Serie A

Quattro titoli

Logo após a derrota do Milan ante a Udinese, por 2-1, a Inter sagrou-se campeã italiana pela quarta vez consecutiva. A derrota tem um sabor ainda mais amargo para o Milan e ainda mais doce para a Inter: o scudetto conquistado pelo clube de Via Durini foi o 17º de sua história, mesmo número de títulos do Milan. A vitória interista também serviu para Mourinho, que venceu o duelo de polêmicas particulares entre ele e Ambrosini. Em sua mais famosa coletiva, desde que chegou a Itália, o único técnico estrangeiro da Serie A disse que Milan, Juventus e Roma terminariam a temporada com “zero tituli”. Com o acerto da previsão do português, a expressão ganhou sentido real e deu origem a um dos cânticos mais entoados na partida de ontem.

Para completar, foi apenas a quarta vez na história que uma equipe conseguiu tal sequência, a primeira após o grande Torino da década de 40. A partir de agora, os nerazzurri podem começar a pensar se o clube vai estabelecer mais um recorde: apenas a Juventus da década de 30 foi pentacampeã consecutiva.
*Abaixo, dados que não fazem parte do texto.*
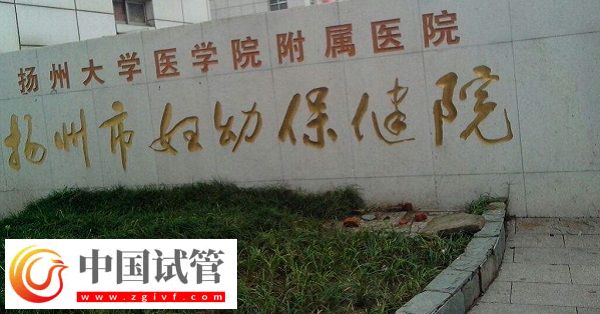 扬州做试管最好的医院(图2)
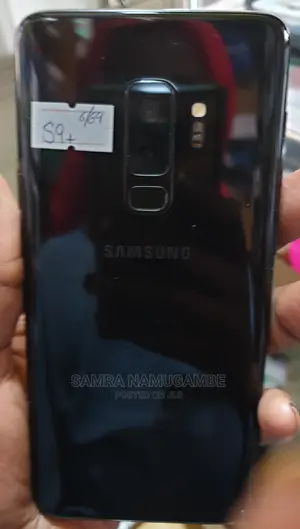 Samsung Galaxy S9 64 GB Black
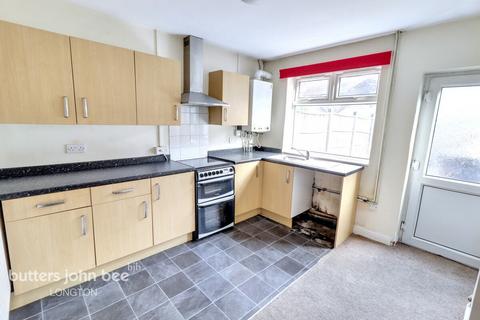 Burnham Street, Stoke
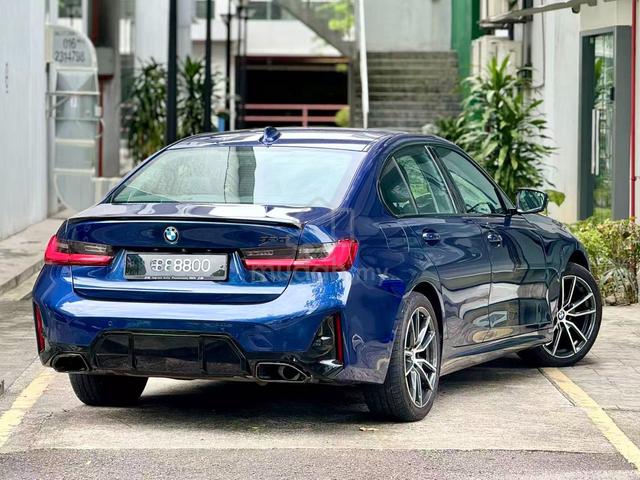 Bmw 320i M-SPORT 2.0 G20 F/LCi-Bodykit LaserLight - 4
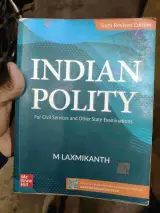 Indian Polity - second hand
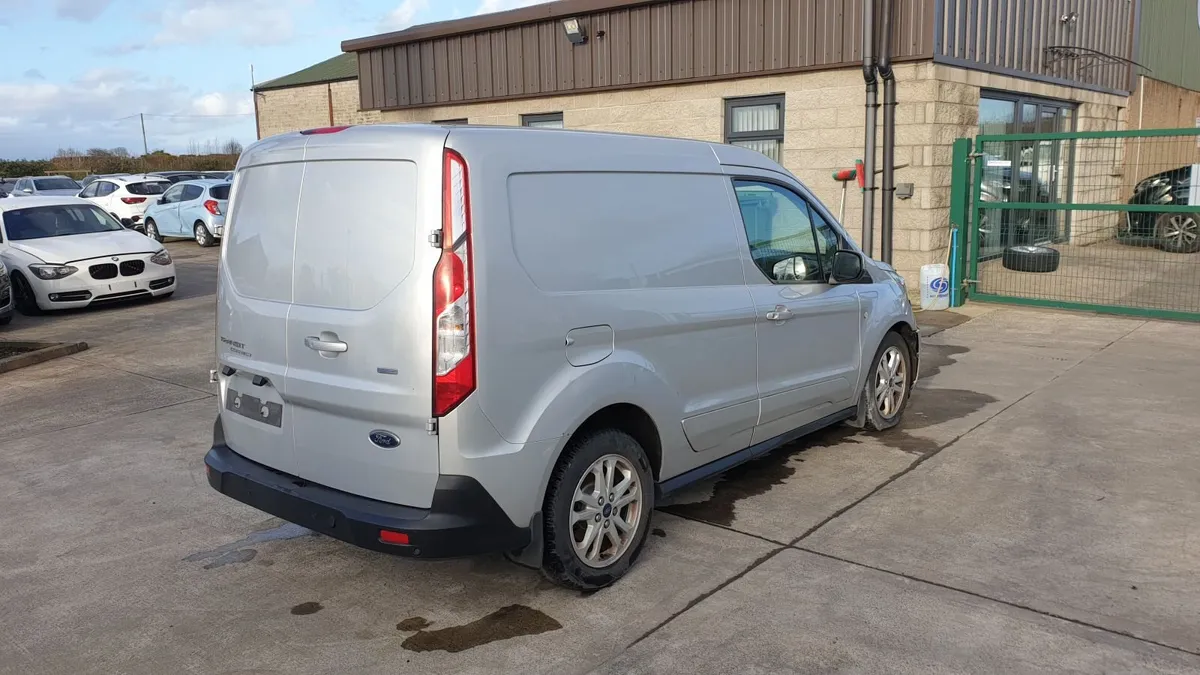 *For parts* Ford Transit Connect 1.5D 6 sp (2019) - Image 2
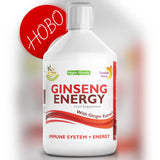 Ginseng 2000 mg - gyömbér kivonattal - 500 ml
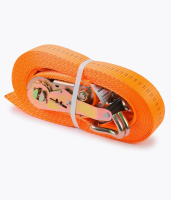 Стяжка груза BARBELL с храповым механизмом 0,8т. 4м., термоупаковка TP011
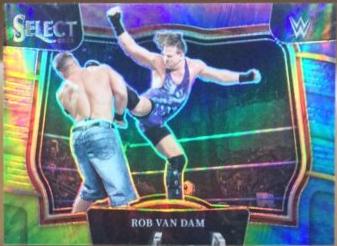 Rob Van Dam [Tie-Dye] #204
Os jogadores e o Meazza lotado: 17 scudetti

A festa
Às 22:30 (horário local) do sábado, assim que a partida em Údine terminou, começaram os festejos na concentração do clube, em Appiano Gentile. Após a visita do presidente Massimo Moratti, os jogadores seguiram para a Piazza D’Uomo, no centro de Milão, onde puderam se encontram com os torcedores. Sobrou espaço até para sorrisos de José Mourinho e resposta de Materazzi e Chivu a à faixa provocativa levantada por Ambrosini, dois anos atrás. Houve espaço até mesmo para lembrar de Adriano: no Giuseppe Meazza, alguns jogadores usaram camisas com o número 10, rememorando o jogador, que fez parte deste grupo tetracampeão.

Mesmo após uma noite levemente alcóolica, na noite seguinte a Inter atropelou o Siena, com gols de Cambiasso, Balotelli e Ibrahimovic. Jogando sem peso algum nas costas, ambas as equipes (já com seus objetivos conquistados) fizeram um “amistoso comemorativo”, no qual houve pouca preocupação quanto a parte defensiva (principalmente entre os bianconeri) e homenagens do estádio a alguns jogadores. Figo, que deve se aposentar ao fim desta temporada, e teve importância por agregar experiência e por boas participações em momentos pontuais da campanha, foi o primeiro a ser substituído e ovacionado pelo público. Ibrahimovic pediu para deixar o campo, mas não foi atendido por Mourinho: Balotelli e até Júlio César foram os agraciados com o carinho do público. Ibra, no entanto, não precisava disso: foi aplaudido o jogo inteiro. Após o gol, o sueco se reconciliou com a Curva Nord (a qual tinha mandado calar a boca contra a Lazio), aplaudindo-a na comemoração.

Io: uno titolo.

Com o campeonato decidido, Mourinho ainda tem objetivos traçados (muito pessoais) para a equipe: terminar a Serie A com a melhor defesa e o melhor ataque da competição. Além disso, o técnico de Setúbal orientou a equipe para que privilegie Ibrahimovic em sua busca pela artilharia do campeonato – a qual ainda tem Di Vaio na liderança, com 23 gols. ‘Ibra’ tem um a menos.

Após a confirmação de um período de superioridade interista na Itália, os objetivos do clube dirigido por Massimo Moratti devem ser mais ambiciosos, buscando competir em todas as competições disputadas, assim como era a postura do Chelsea de José Mourinho. Mourinho falou claramente, na coletiva antes do jogo contra o Siena, que quer um zagueiro, dois meias e um atacante. Mas a lista pode crescer, já que uma reformulação no elenco é esperada. Jogadores mais experientes, como Crespo, Cruz, Vieira e Materazzi, além de Quaresma, Mancini, Burdisso, Obinna e Jiménez devem deixar o clube.

Pensando em repor essas peças, Mourinho já acenou com a proposta de inserir alguns jogadores saídos da Primavera no time principal, apostando numa fórmula que tem dado certo com Balotelli e Santon. Até o momento, fala-se que os preferidos do treinador são o goleiro Belec, o defensor Caldirola, os meias Khrin e Obi, além do atacante Destro. A ideia do português é montar uma equipe forte e condizente com as leis da UEFA para a Liga dos Campeões (que prevê a participação de oito jogadores formados nas categorias de base do próprio clube na lista submetida à entidade). Além disso, alguns jogadores mais rodados devem ser adicionados no elenco, como o argentino Milito. Nesse caso, ao que tudo indica, a negociação está praticamente fechada.